Pangkalpinang, 21 Juli 2025 — Ratusan nelayan dan masyarakat pesisir dari berbagai daerah di Provinsi Kepulauan Bangka Belitung menggelar aksi demonstrasi menolak rencana penambangan laut di perairan Batu Beriga, Bangka Tengah, Senin (21/7/2025). Aksi ini dipusatkan di depan Kantor Gubernur Babel, dengan massa membawa berbagai poster dan spanduk tuntutan.
Aksi yang dimulai sejak pagi ini turut melibatkan nelayan dari Batu Beriga, Lubuk Besar, Toboali, Tukak Sadai, Pulau Lepar-Pongok, Bagan Pangkalpinang, hingga dari Belitung. Sejumlah organisasi masyarakat sipil seperti WALHI Kepulauan Bangka Belitung serta kelompok mahasiswa juga hadir memberikan dukungan.

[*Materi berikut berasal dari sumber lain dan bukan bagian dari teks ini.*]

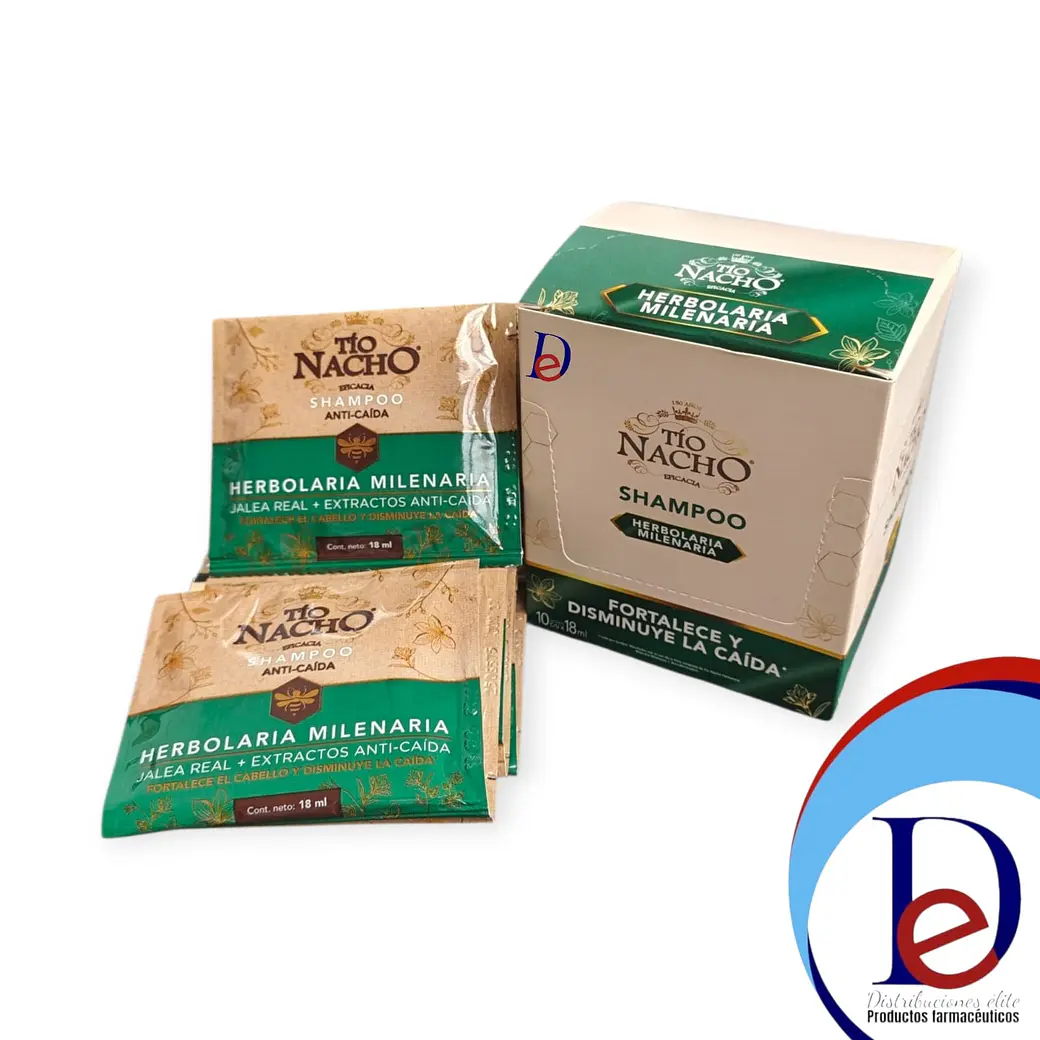 TIO NACHO SHAMPOO HERBOLARIA MILENARIA CAJA X 10 SBS X 18 ML- - GENOMMA- UBI 22-B 1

Koordinator lapangan aksi, Abdullah, yang juga nelayan Toboali, menyampaikan bahwa massa telah melakukan long march sejauh 3 kilometer menuju pusat pemerintahan provinsi. “Sampai pukul 14.30 WIB, perwakilan Koalisi untuk Keadilan Pesisir masih berada di dalam kantor gubernur guna memverifikasi administrasi yang diperlukan untuk memenangkan hak-hak masyarakat pesisir,” ujarnya.
Sementara itu, aksi demonstrasi tersebut turut disoroti Anggota DPRD Provinsi Kepulauan Bangka Belitung, Muchtar Motong. Ia menegaskan agar persoalan ini segera diselesaikan secara tuntas dan tidak dibiarkan berlarut-larut.
“Kalau tidak diselesaikan, tidak ada ketegasan, maka ini tidak akan berhenti. Pasti akan berlarut-larut. Masyarakat Batu Beriga itu sangat melindungi kampung halamannya. Mereka hidup dari laut secara turun-temurun, jadi wajar mereka begitu serius menjaga wilayahnya,” ujar Muchtar saat ditemui usai aksi berlangsung.
Muchtar menjelaskan bahwa DPRD Babel sebelumnya telah membentuk Panitia Khusus (Pansus) terkait penolakan tambang laut, yang kemudian melahirkan 11 rekomendasi penting. Salah satunya adalah meminta PT Timah Tbk agar tidak melakukan penambangan di wilayah Izin Usaha Pertambangan (IUP) Desa Batu Beriga sebelum ada kesepakatan yang jelas dan tertulis dengan masyarakat.
Selain itu, Pansus juga merekomendasikan agar PT Timah menjalankan kewajiban lingkungan sesuai dokumen Analisis Mengenai Dampak Lingkungan (AMDAL), serta menghormati prinsip-prinsip partisipasi masyarakat dan transparansi dalam pengambilan keputusan.
Menurut Muchtar, pemerintah memang sudah mengambil sejumlah langkah, namun belum terjadi harmonisasi antara kepentingan pemerintah dengan PT Timah. “Kalau sudah terjadi sinergi, maka polemik ini tak akan terus berulang,” katanya.
Ia juga mengimbau masyarakat agar tetap menjaga ketertiban dan tidak terprovokasi melakukan tindakan anarkis yang justru akan merugikan semua pihak.